Friday, April 29, 2011

Le Saint-Esprit

This is one of the first chapels built in Salt Lake City.
Having a companion that speaks Spanish has certainly made for an interesting transfer.Especially when you consider the fact that I do not speak a word of Spanish, except for maybe "Hola amigo, como estas." Yes I know, my knowledge of the Latin Tongue is pitiful but it has taught met that regardless of the physical language barrier the Holy Spirit can bridge all gaps. In the Book of John it states, "But the Comforter, which is the Holy Ghost, whom the Father will send in my name, he shall teach you all things, and bring all things to your remembrance...(John 14:26)." When you drive by a local church on a Sunday afternoon you will often see the parking lot filled with cars of all different shapes and sizes. Inside the four walls of that chapel there are families, neighbors and friends gathered together to learn more about Jesus Christ and His gospel. Someone who has never heard of The Church of Jesus Christ of Latter-day Saints may be surprised when the walk into an LDS Chapel to the sound of kids munching on Cheerios in the back row. The real surprise would come after having sat down for a few moments and witnessed the sacrament, or communion, being passed in complete solemnity or when they hear an ineloquent man speak plainly on his experience with the strengthening power of the gospel. It is undeniable that a special feeling resides there. For many it is a familiar feeling that is often unidentifiable but can be found in moments of prayer, when looking at art or even enjoying the serenity of the outdoors. That special feeling can only be given by the power of the Holy Ghost. It is the Holy Ghost that brings us comfort through our most difficult times. It is the Holy Ghost that helps us learn about Christ and His eternal plan for us. It is that same Holy Ghost that can help a non-Spanish speaking missionary know that the words of her teaching companion are true. What a beautiful gift we have been given so that we can know "the truth of all things."

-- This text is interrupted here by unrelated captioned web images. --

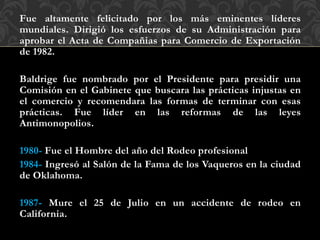 Fue altamente felicitado por los más eminentes líderes
mundiales. Dirigió los esfuerzos de su Administración para
aprobar el Acta de Compañias para Comercio de Exportación
de 1982.
Baldrige fue nombrado por el Presidente para presidir una
Comisión en el Gabinete que buscara las prácticas injustas en
el comercio y recomendara las formas de terminar con esas
prácticas. Fue líder en las reformas de las leyes
Antimonopolios.
1980- Fue el Hombre del año del Rodeo profesional
1984- Ingresó al Salón de la Fama de los Vaqueros en la ciudad
de Oklahoma.
1987- Mure el 25 de Julio en un accidente de rodeo en
California.
 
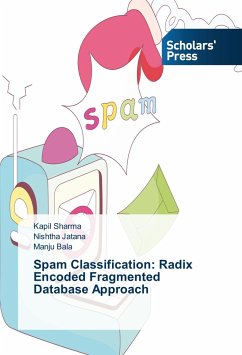 Spam Classification: Radix Encoded Fragmented Database Approach - Sharma, Kapil;Jatana, Nishtha;Bala, Manju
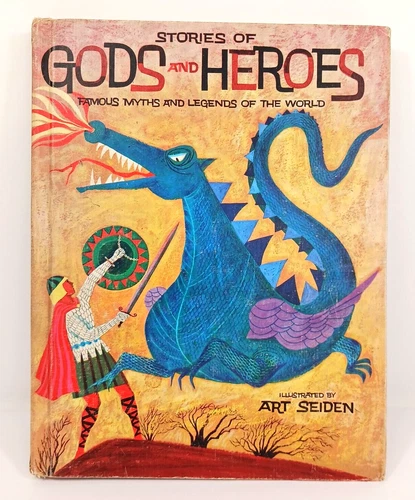 Stories Of Gods And Heros Famous Myths And Legends From Around The World READ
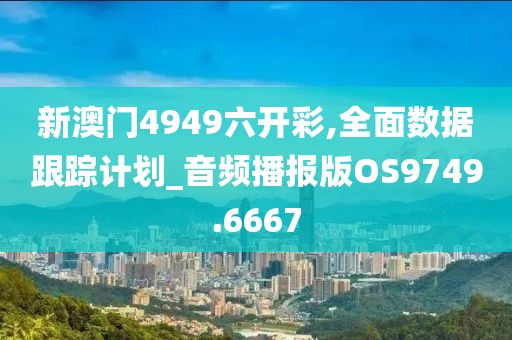 新澳门4949六开彩,全面数据跟踪计划_音频播报版OS9749.6667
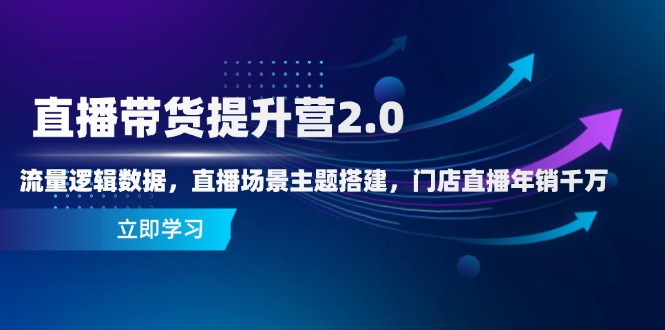 直播带货提升营2.0：流量逻辑数据，直播场景主题搭建，门店直播年销千万|HOOK协议网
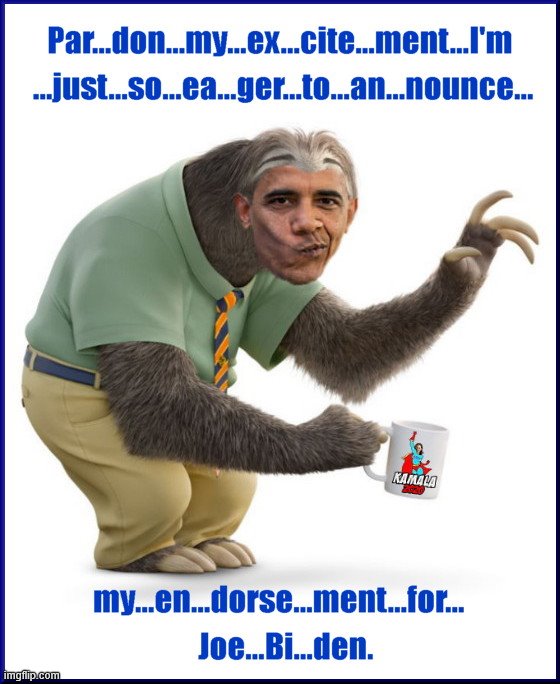 Obama's Flash-quick endorsement for his former VP | image tagged in obama endorses biden,zootopia sloth,barack obama,joe biden,sloth like speed,political humor | made w/ Imgflip meme maker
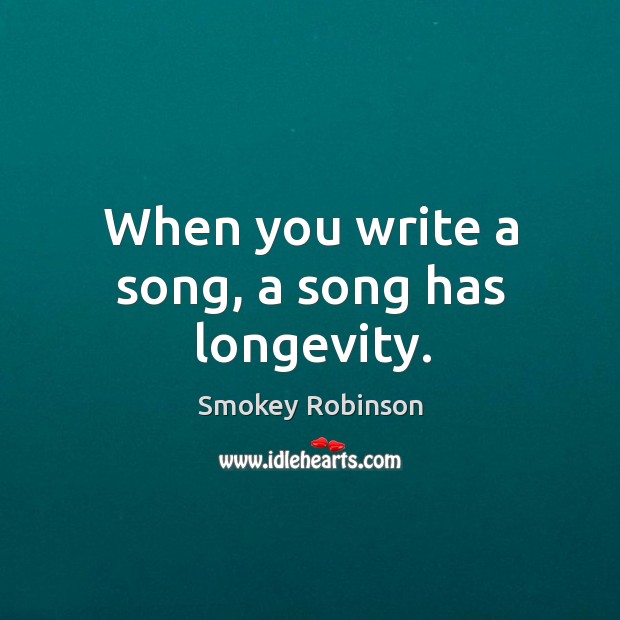 When you write a song, a song has longevity. Image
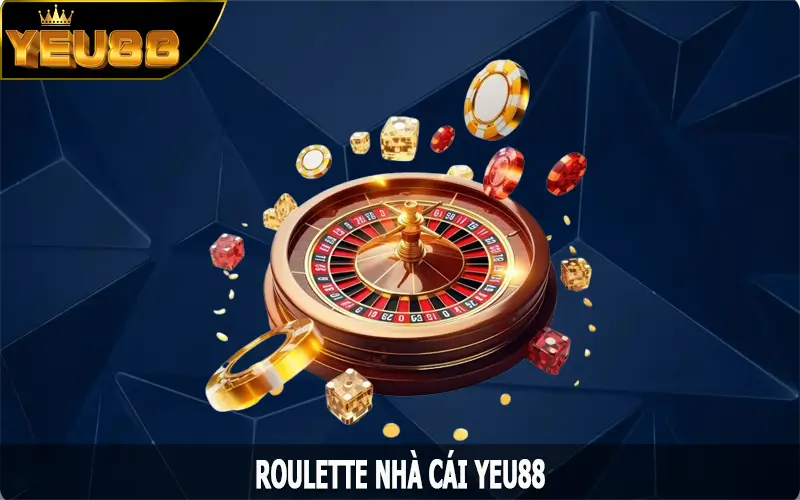 Roulette – Thiên Đường Casino Đình Đám Nhất Tại Nhà Cái Yeu88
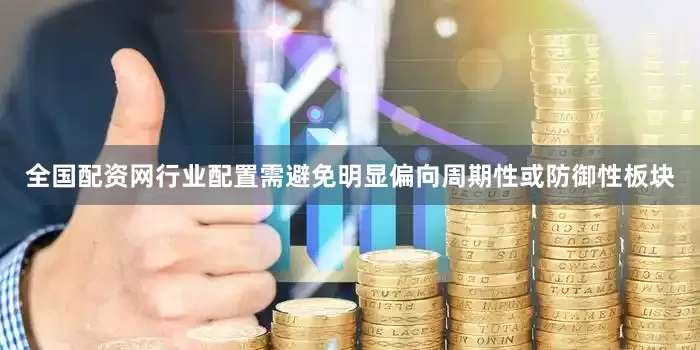 全国配资网行业配置需避免明显偏向周期性或防御性板块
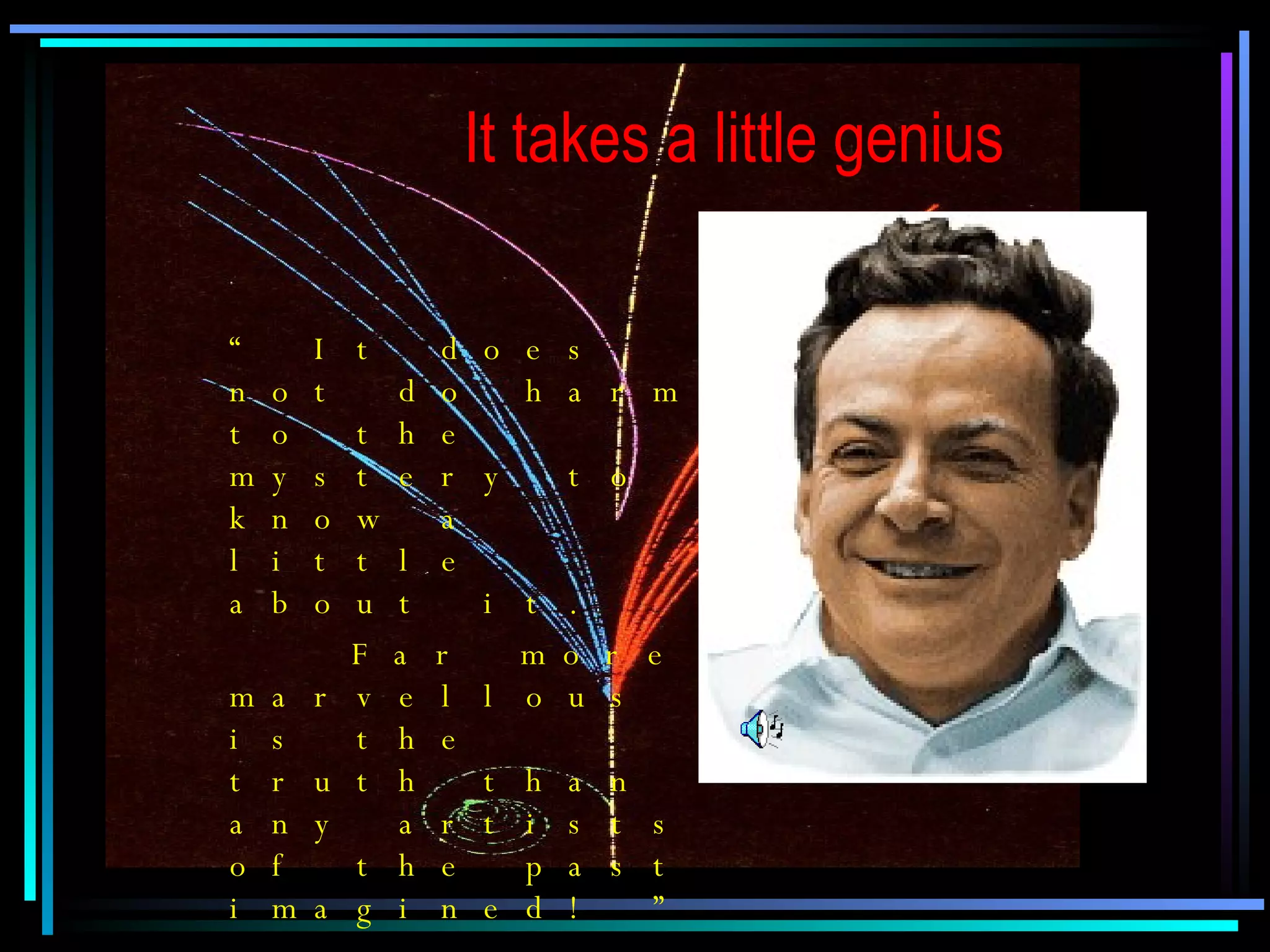 “  It does not do harm to the mystery to know a little about it. Far more marvellous is the truth than any artists of the past imagined! ” - Richard Feynman It takes a little genius 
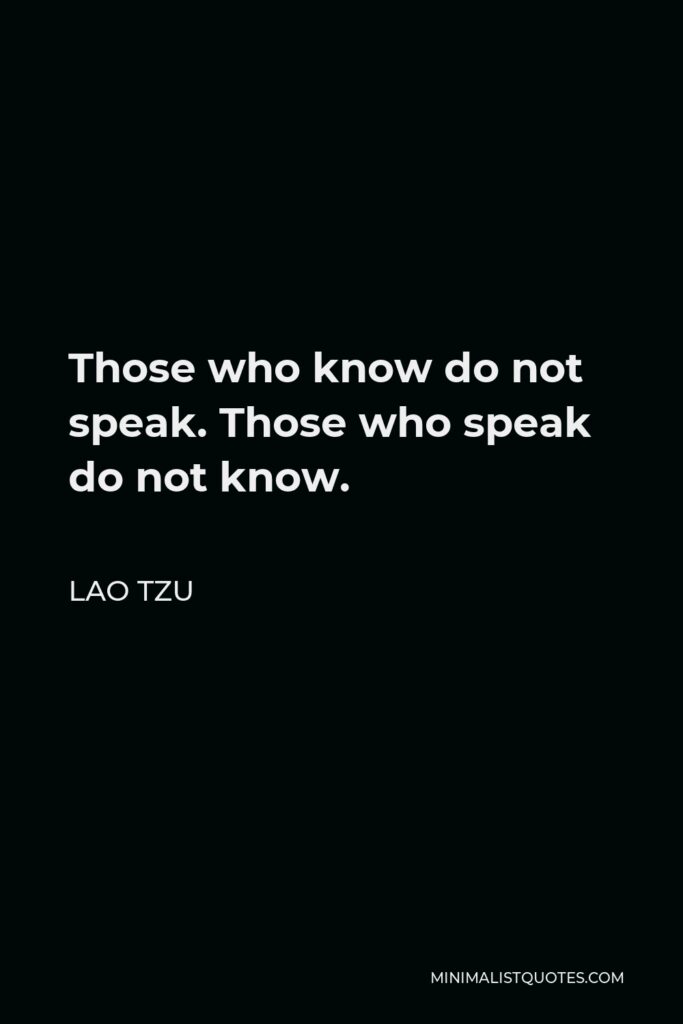 Lao Tzu Quote - Those who know do not speak. Those who speak do not know.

"And I would exhort you that when ye shall read these things, if it be wisdom in God that ye should read them, that ye would remember how merciful the Lord hath been unto the children of men, from the creation of Adam even down until the time that ye shall receive these things, and ponder them in your hearts. And when ye shall receive these things, I would exhort you that ye would ask God, the Eternal Father, in the name of Christ, if these things are not true; and if ye shall ask with a sincere heart, with real intent, having faith in Christ, he will manifest the truth of it unto you, by the power of the Holy Ghost. And by the power of the Holy Ghost ye may know the truth of all things." Moroni 10:3-5

Sunday, April 24, 2011

Joyeuses Pâques

Can you believe it's Easter time already? It feels like just yesterday I was getting ready for finals as I sat in my apartment watching the Easter Devotional on the BYU Channel. It's amazing how time can fly and how quickly things can change. This time of year my thoughts, like many others, are turned towards that infinite atoning sacrifice of our Savior Jesus Christ.
In my last few posts I've written a lot about choices and how they can both negatively and positively effect our lives. As I think about the role of the atonement in my life my thoughts are once again pulled towards the many choices that I have made. Inevitably we all make mistakes, none of us are perfect but because of the perfection of Christ we can be forgiven of our transgressions and be made clean. My favorite account of the healing nature of the atonement is in The Book of Mormon and it's about Alma the Younger. His father was a prophet yet he went around trying to destroy the Church, destroy Christ's Church. When an angel appeared to him he was struck down and brought to a complete remembrance of all of his many sins. Of this he said, "I was racked with eternal torment, for my soul was harrowed up to the greatest degree and racked with all my sins...I did remember all my sins and iniquities, for which I was tormented with the pains of hell; yeah I saw that I had rebelled against my God... (Alma 36:12-13)" Now we may not be in such excruciating pain as Alma but we are all tormented with feelings of guilt. Elder Scott Grow said, "There is no sin or transgression, pain or sorrow, which is outside of the healing power of His Atonement." No matter what we've done that has brought us the pain of guilt we can be comforted in the promise that there is nothing outside of Christ's healing power. I know that my life has been far from perfect but I also know that as I continue to exercise faith in Christ I can be forgiven of my many mistakes and face each day with a "perfect brightness of hope."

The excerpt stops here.